David McLoughlin a Êcrit dans le message
<368833E3.148B@REMOVEiprolink.co.nz>...
>Silas Warner wrote:
>
>> There are usually two reasons why a locomotive might have two pantos.
>> One is to bridge "dead spots" in an overhead wire, but this is not the
>> usual reason.  The usual reason is that the pantos are designed for
>> one-way operation, and cannot be asily reversed.  This was true of
>> early Faiveley (one-arm) pantographs. which could only be operated with
>> the "elbow" facing backward: a forward-facing wlbow would be forced up
>> by the air rush of the panto's passage and might snag the wire.
>
>Thank you Silas and also to James for answering my questions re
>pantographs. While on the subject, can you answer another to do with the
>section quoted above?
>
>Melbourne in Australia is in the final stages of converting its large
>tramway (streetcar) system from trolleypoles to pans. They are
>single-arm pans, one to a tram. It seems there is a resulting problem
>with pans breaking or bending over, causing major delays in services.
>
>There were a number of posts on this a couple of months back -- one
>suggested maybe 10 pans a month were being wrecked from 300 trams so far
>converted to pans in a fleet of 500.  I wondered then whether the cause
>was the single-arm pan going out of shape when working in the reverse
>direction  (Melbourne's trams are all double-ended as there are no
>turning loops... at each end of each of the 30 lines, the trams shunt on
>either a Y or an X to make their return journeys).
>
>Most of the European trams which use single-arm pans are single-ended
>trams which use loops to turn.
>
>Are there any cities where trams/streetcars are double-ended and use
>single-arm pans that don't have this problem of pantograph-fouling?

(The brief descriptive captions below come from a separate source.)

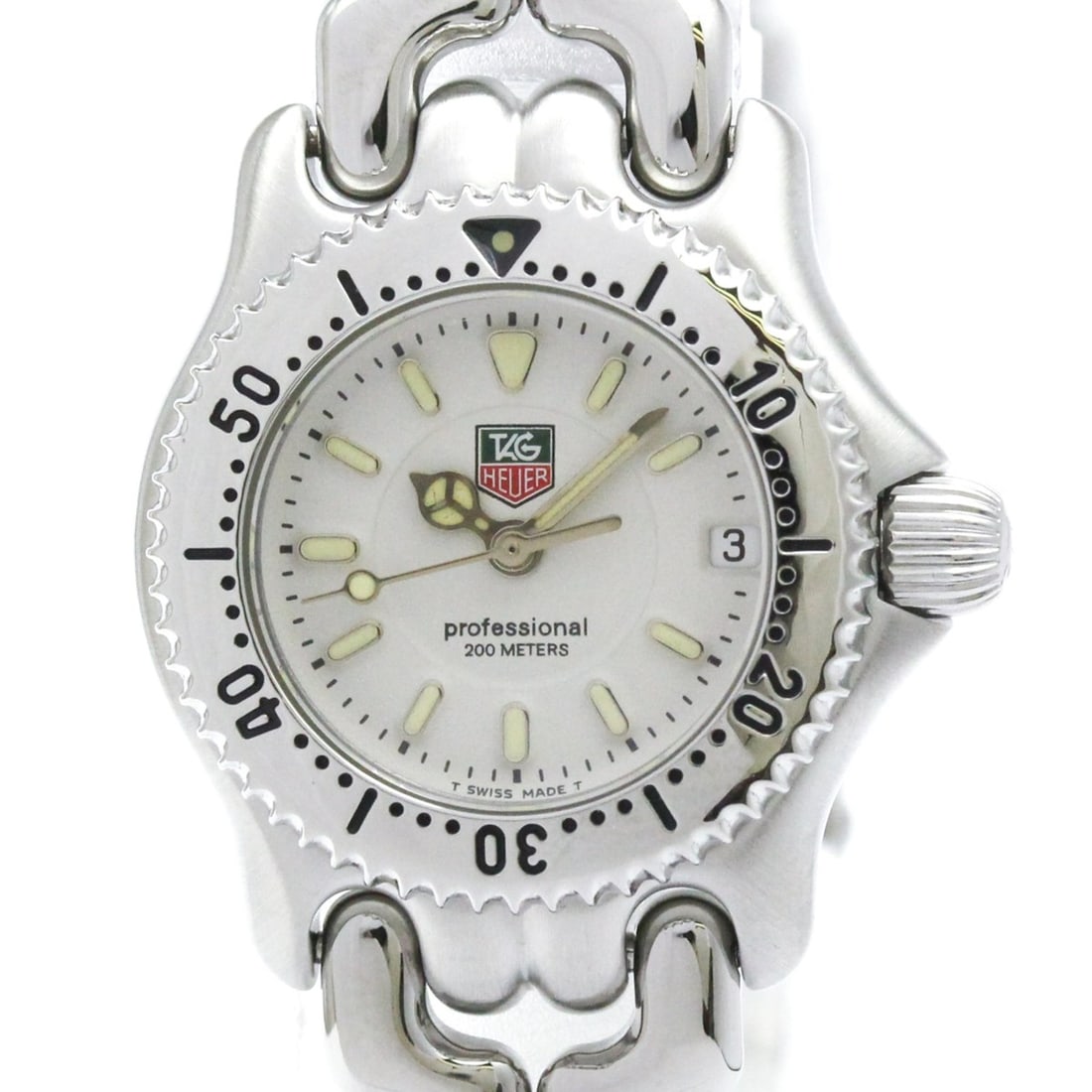 TAG HEUER Sel Professional Steel Quartz Ladies Watch WG1412 Polished: --- Catalog ---Category: SizeCase Diameter: 24mm / 0.94''Category: DesignType: WristwatchStyle: Dress/FormalGender: WomenColor (Dial): WhiteMaterial (Band): Stainless steelMaterial (Case): Stainless s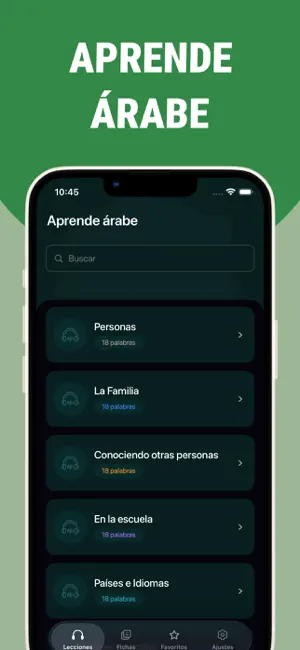Aprender árabe fácil screenshot 1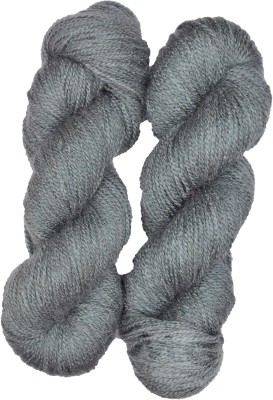 M.G Enterprise Vardhman Rabit Excel Mouse Grey (400 gm) Wool Hank Hand knitting wool Art-EJE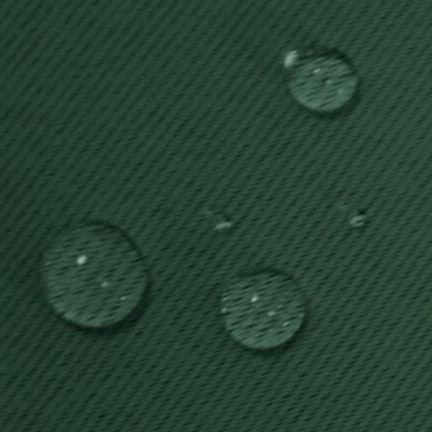 Mørkegrønt udendørs gardin med mørklægning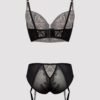 a47870g85558_6 Lovehoney Parisienne Charm Black Lace Crotchless Bra Set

>There are the Media and Sharon Hill lines in Philadelphia (the S/S lines
>in Philly still use poles!). AFAIK the new Sheffield system in England
>uses shunts at each terminus for its double-ended cars. Any more?
>
Yes, many lines in Brussels (STIB/MIVB) have single-ended operation
with trams using single-arm pantographs (eg T2000 cars on route 91).
AFAIK there are no problems in running in either direction alternately.
But of course pans *do* come to a sticky end from time to time,
usually because they get snagged on some bit of overhead line that
is out of place (remember the 'knitting' is not absolutely fixed, and can
sway quite a lot under dynamic forces). I think that the constraints on
positioning under pans should be significantly stricter than under
trolley-pole operation.

-- Alan Reekie (in Brussels)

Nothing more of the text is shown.